Salman Khan is not new to controversy. He looks like a kid with his hand perpetually in a cookie jar of trouble. In fact, his controversies seem more memorable than his movies. There is something endearing about the man – there is an innocence, an adolescence, a ham-handedness. It is as if he is perpetually goofing his lines. One is forced to conclude that he has a bad script-writer or that he has a touch of a bumbler. Even the bumbling image works as he come out as a vulnerable man.

Sadly, as he grows older, the audience perception of him begins to change. As he ages, he becomes a young man of 50. It s then that his adolescence becomes difficult to take. His choice of language lacks finesse and the slightly vacant look on his face adds to everybody’s sense of bewilderment. I must confess that his role in the shooting accident was not convincing . He does not appear too endearing after that. The recent interview given to promote his film Sultan adds fuel to the fire.

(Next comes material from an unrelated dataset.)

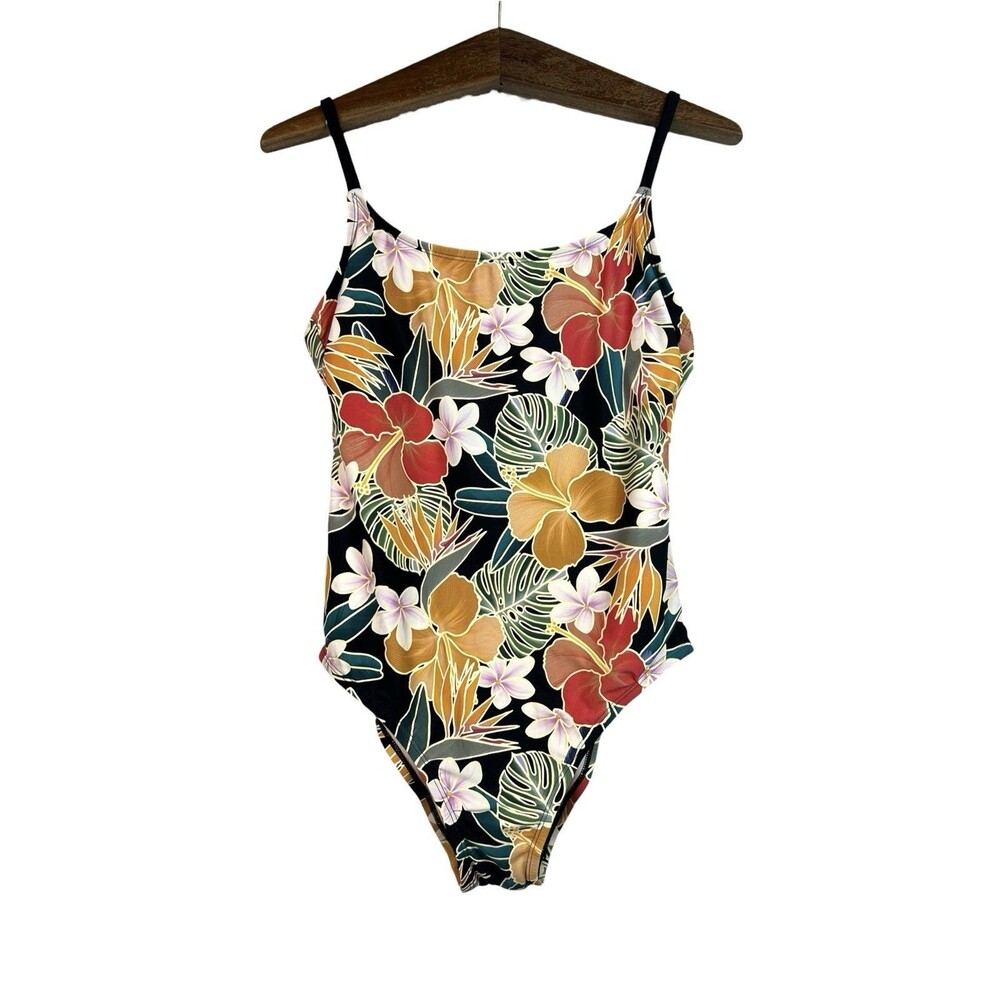 Hurley Ladies One-Piece UPF 50+ 4-Way Stretch Swimsuit Black Caribbean Floral L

The facts are as follows. Salman steps out to explain how tiring the shooting of a film is. He hints that in real life, the act of wrestling is a one-time performance, a make or break to victory. But in reel life, the sheer repetition, the tedious task of wrestling routines where he has to lift a 120-kg opponent and throw him on the ground over and over again – almost 10 times for five different camera angles for six to seven hours – sounds tiring. The very tiredness makes him grope for an apt metaphor.

Let us read the sequences again.

Enter Salman – there is a tired intensity about him. He describes the world of film, a film on wrestling . He refers to the Taylorist way of making a film, where wrestling is a brutish act, made doubly brutal by repetition. He feels the pain of repetition and wants to convey his tiredness. He summons the idea of a woman raped. The interview turns into a burlesque comedy. He talks of the aches and pains of wrestling, his sense of being victim and then ineptly claims: “When I used to walk out of that rink, it used to actually be like a raped woman walking out”. The metaphor is farfetched. The audience knows he has goofed. It wants to chuckle as its favourite ham becomes more ham-handed. India’s perennially favourite hero complains of rape. The performance is so inept, you want to say cut and ask for a retake. The metaphor of the movie with its constant retakes does not work for real life.

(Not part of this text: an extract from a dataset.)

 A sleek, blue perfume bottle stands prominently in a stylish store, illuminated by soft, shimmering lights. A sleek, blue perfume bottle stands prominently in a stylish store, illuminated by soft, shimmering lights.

Take II. Salman goes through it again, says, “I don’t think I should have”, tries to explain that he found it hard to walk. He has struggled for a comparison and found the most inept one. He has wrestled with language. The audience secretly knows that what Salman rapes is language. He is endearing as a village idiot but he now plays a bumbler. He is like a footballer who knocks in self goals ineptly. But every spectator wants his pound of flesh. He has said something inept – but rather than reading illiteracy into it, one demands he be punished in this age of political correctness. His father, a man who loves language, apologises. A man who lives in the world of slapstick suddenly became part of a Kafkaesque episode.

The crowd screams: Salman has erred and he must pay. All he did was stumble over language and make a big ass of himself. Yet in this humourless age, the joke is on the star. He has been wrestled with and pinned mercilessly to the ground. With every media retake, he will suffer more. A news starved nation dying for gossip is grateful to him again. In an act of fantasy, it has wrestled him to the ground. It will forget in a few days. Meanwhile, television news is at its hysterical best. No one complains as life promises to be a perpetual B-grade movie.

Looking at the event, I wonder what the excitement is about. Are we impressed that the National Commission for Women has acted promptly? What is his failing? Is it that he is a role-model, an ideal who should set standards of propriety? Then of all the Khans he is the worst choice one can make. Are we claiming language has to be politically correct? Then our politicians murder language everyday, not just rape it.

The event is of a different kind. Deep down, it reveals the double standards, the hypocrisy of a society that will pardon manslaughter and animal killing but condemn a man for an idiotic error. Salman Khan is either comedy gone sour or tragedy gone trite. Either way, he does not qualify for such attention. But more importantly whether Salman or Mr Anonymous, a society has to decide that not every error is a crime and nor is everything offensive necessarily an offence. It is not Salman who’s on public trial – it is our framework of judgement.